Published March 23, 2021 | Version v1
Dataset Open


  • 1. University of Glasgow


GISE-51 is an open dataset of 51 isolated sound events based on the FSD50K dataset. The release also includes the GISE-51-Mixtures subset, a dataset of 5-second soundscapes with up to three sound events synthesized from GISE-51. The GISE-51 release attempts to address some of the shortcomings of recent sound event datasets, providing an open, reproducible benchmark for future research and the freedom to adapt the included isolated sound events for domain-specific applications, which was not possible using existing large-scale weakly labelled datasets. GISE-51 release also included accompanying code for baseline experiments, which can be found at


If you use the GISE-51 dataset and/or the released code, please cite our paper:

Sarthak Yadav and Mary Ellen Foster, "GISE-51: A scalable isolated sound events dataset", arXiv:2103.12306, 2021

Since GISE-51 is based on FSD50K, if you use GISE-51 kindly also cite the FSD50K paper:

Eduardo Fonseca, Xavier Favory, Jordi Pons, Frederic Font, Xavier Serra. "FSD50K: an Open Dataset of Human-Labeled Sound Events", arXiv:2010.00475, 2020.

About GISE-51 and GISE-51-Mixtures

The following sections summarize key characteristics of the GISE-51 and the GISE-51-Mixtures datasets, including details left out from the paper.


  • Three subsets: train, val and eval with 12465, 1716, and2176 utterances.

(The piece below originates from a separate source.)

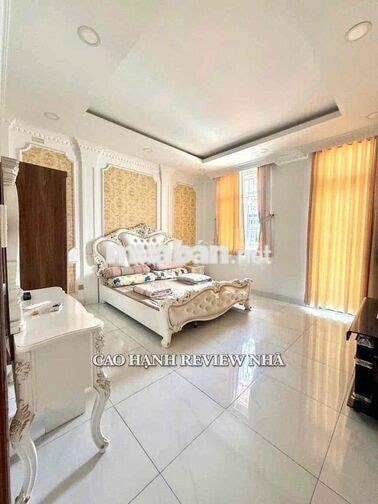 BÁN NHÀ NGANG 8M, 88M2, NGAY NGÃ TƯ BỐN XÃ, BÌNH TRỊ ĐÔNG, HẺM XE HƠI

Subsets are in coherence with the FSD50K release.
  • Encompasses 51 sound classes from the FSD50K release
  • View meta/lbl_map.csv for the complete vocabulary.
  • The dataset was obtained from FSD50K using the following steps:
    • Unsmearing annotations to obtain single instances with a single label using the provided metadata and ground truth in FSD50K. 
    • Manual inspection to qualitatively evaluate shortlisted utterances. 
    • Volume-threshold based automated silence filtering using sox. Different volume thresholds are selected for various sound event class bins using trial-and-error. silence_thresholds.txt lists class bins and their corresponding volume threshold. Files that were determined by sox to contain no audio at all were manually clipped. Code for performing silence filtering can be found in scripts/ in the code repository.
    • Re-evaluate sound event classes, removing ones with too few samples and merging those with high inter-class ambiguity.


  • Synthetic 5-second soundscapes with up to 3 events created using Scaper.
  • Weighted sampling with replacement for sound event selection, effectively oversampling events with very few samples. Synthetic soundscapes generated thus have a near equal number of annotations per sound event.
  • The number of soundscapes in val and eval set is 10000 each.
  • The number of soundscapes in the final train set is 60000. We do provide training sets with 5k-100k soundscapes.
  • GISE-51-Mixtures is our proposed subset that can be used to benchmark the performance of future works.


All audio clips (i.e., found in isolated_events.tar.gz) used in the preparation of the Glasgow Isolated Events Dataset (GISE-51) are designated Creative Commons and were obtained from FSD50K. The source data in isolated_events.tar.gz is based on the FSD50K dataset, which is licensed as Creative Commons Attribution 4.0 International (CC BY 4.0) License. 

GISE-51 dataset (including GISE-51-Mixtures) is a curated, processed and generated preparation, and is released under Creative Commons Attribution 4.0 International (CC BY 4.0) License. The license is specified in the LICENSE-DATASET file in license.tar.gz.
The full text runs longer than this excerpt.